Here is more news from Maoulla;
Fighters that have been linked to Al Qaeda took control of the Christian village of Maaloula after fighting with regime forces. Fears have been reignited about western support for the rebel groups, which strongly infiltrated by Islamic extremists.
The rebels, many of who sport beards, shouting the phrase "Allahu Akbar" (God is great), attacked Christian homes and churches shortly after moving into the village, saying that they had "liberated" the residents from government forces.
"They shot and killed people," one Maaloula resident says. "I heard gunshots and then I saw three bodies lying in the middle of a street in the old quarters of the village. Where is President Obama to see what has befallen us?"
"I saw the militants grabbing five villagers and threatening them and saying, "either you convert to Islam, or you will be beheaded,'" another Christian resident said.

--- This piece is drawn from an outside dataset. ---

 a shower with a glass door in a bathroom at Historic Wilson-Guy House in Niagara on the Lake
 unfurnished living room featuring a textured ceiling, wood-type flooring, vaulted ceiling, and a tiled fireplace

Another said one church had been torched while other gunmen stormed into two other churches and robbed them.
Located 25 miles from Damascus, Maaloula is one of the few places in the world where residents still use the ancient language of Aramaic, which was spoken by Jesus and his disciples.
While the village has largely escaped the turmoil of this Middle Eastern country's civil war, Maaloula has become a key strategic battleground in the Syrian civil war because of its proximity to the capital. Formerly held by President Assad's regime, the village was captured in a rebel advance spearheaded by the hard-line Islamist al Nusra Front.
Villagers said they heard several foreign accents among the rebels, with many feared to be Al Qaeda fighters imported into the conflict. A villager said he heard lots of Tunisian, Libyan, Moroccan and Chechen dialects.
In a video posted online, a rebel commander shouted at the camera: "We cleansed Maaloula from all the Assad dogs and all his thugs." In the meantime, Syria's state news agency claimed the rebels had withdrawn and the regime had regained the village, saying: "The army inflicted heavy losses in the ranks of the terrorists."http://catholic.org/international/international_story.php?id=52332
It is very easy to talk tough when everything is going well, but when the times are tough it becomes another thing. Let us pray for them to be faithful in the hour of their trial.